Provided data Start Marker

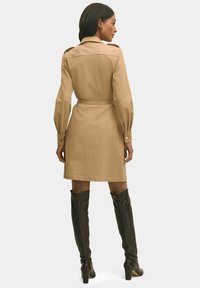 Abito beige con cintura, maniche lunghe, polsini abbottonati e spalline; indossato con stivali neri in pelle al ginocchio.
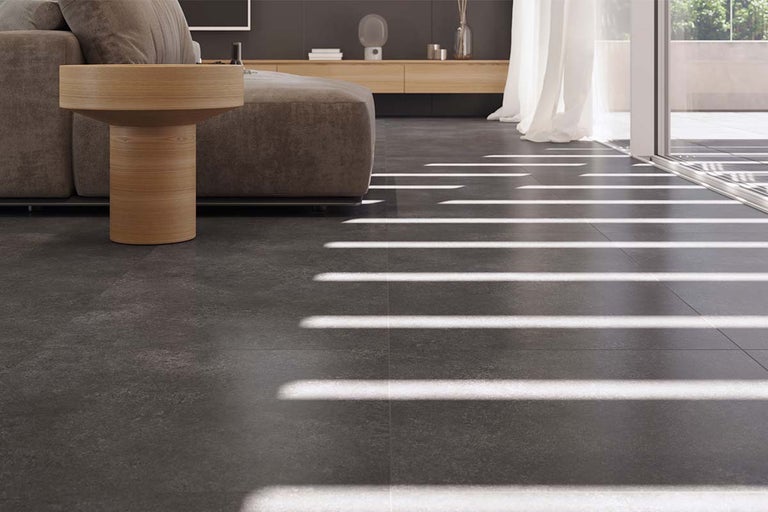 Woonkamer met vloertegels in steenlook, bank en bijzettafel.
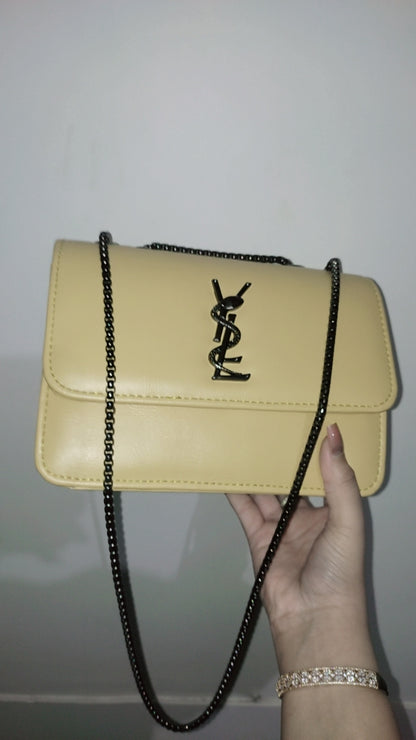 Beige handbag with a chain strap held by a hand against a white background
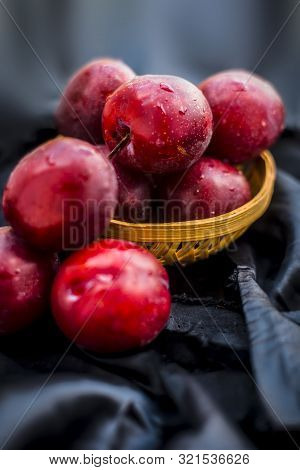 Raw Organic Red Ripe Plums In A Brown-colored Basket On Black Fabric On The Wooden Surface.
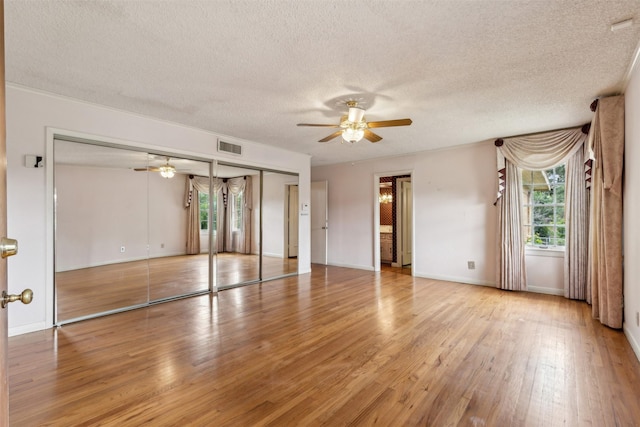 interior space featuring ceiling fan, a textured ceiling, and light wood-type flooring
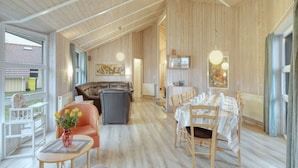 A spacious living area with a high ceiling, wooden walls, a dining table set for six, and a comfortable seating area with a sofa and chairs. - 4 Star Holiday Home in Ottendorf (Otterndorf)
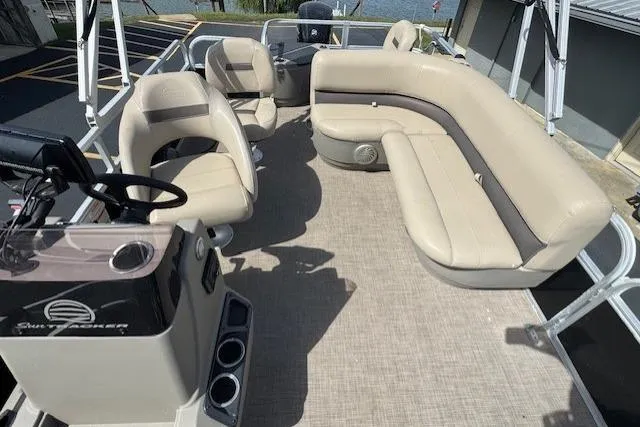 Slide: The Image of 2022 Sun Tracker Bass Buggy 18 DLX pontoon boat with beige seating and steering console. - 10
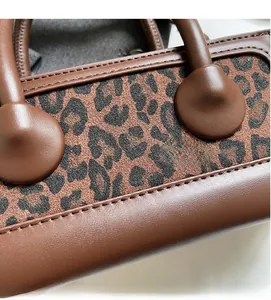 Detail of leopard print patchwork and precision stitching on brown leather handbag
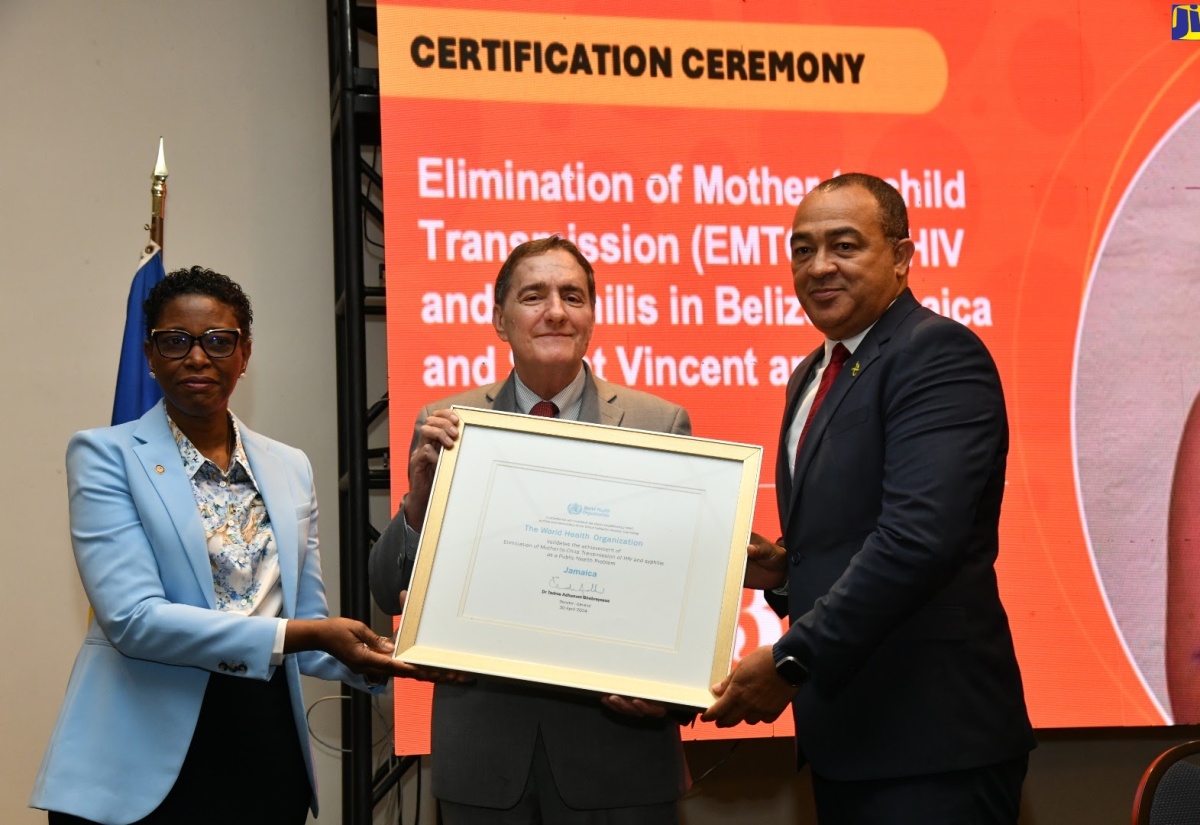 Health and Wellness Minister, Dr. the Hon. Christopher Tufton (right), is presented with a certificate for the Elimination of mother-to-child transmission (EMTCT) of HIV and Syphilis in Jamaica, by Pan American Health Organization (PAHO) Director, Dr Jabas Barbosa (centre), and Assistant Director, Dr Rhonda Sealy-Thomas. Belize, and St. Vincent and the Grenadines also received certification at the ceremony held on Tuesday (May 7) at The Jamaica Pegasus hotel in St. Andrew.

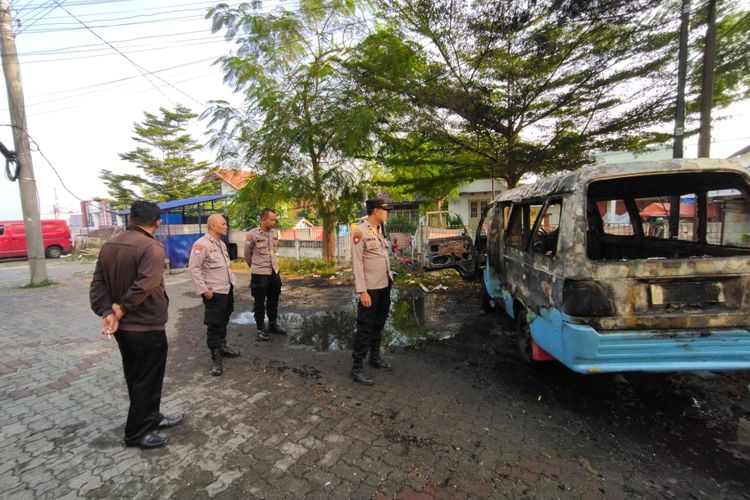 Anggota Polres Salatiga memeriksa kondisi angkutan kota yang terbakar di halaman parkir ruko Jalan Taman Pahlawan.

Provided data End Marker

What you will do :: The data above should be restated exactly, with its images dropped.

Task output ::
 Abito beige con cintura, maniche lunghe, polsini abbottonati e spalline; indossato con stivali neri in pelle al ginocchio.
 Woonkamer met vloertegels in steenlook, bank en bijzettafel.
 Beige handbag with a chain strap held by a hand against a white background
 Raw Organic Red Ripe Plums In A Brown-colored Basket On Black Fabric On The Wooden Surface.
 interior space featuring ceiling fan, a textured ceiling, and light wood-type flooring
 A spacious living area with a high ceiling, wooden walls, a dining table set for six, and a comfortable seating area with a sofa and chairs. - 4 Star Holiday Home in Ottendorf (Otterndorf)
 Slide: The Image of 2022 Sun Tracker Bass Buggy 18 DLX pontoon boat with beige seating and steering console. - 10
 Detail of leopard print patchwork and precision stitching on brown leather handbag
 Health and Wellness Minister, Dr. the Hon. Christopher Tufton (right), is presented with a certificate for the Elimination of mother-to-child transmission (EMTCT) of HIV and Syphilis in Jamaica, by Pan American Health Organization (PAHO) Director, Dr Jabas Barbosa (centre), and Assistant Director, Dr Rhonda Sealy-Thomas. Belize, and St. Vincent and the Grenadines also received certification at the ceremony held on Tuesday (May 7) at The Jamaica Pegasus hotel in St. Andrew.

 Anggota Polres Salatiga memeriksa kondisi angkutan kota yang terbakar di halaman parkir ruko Jalan Taman Pahlawan.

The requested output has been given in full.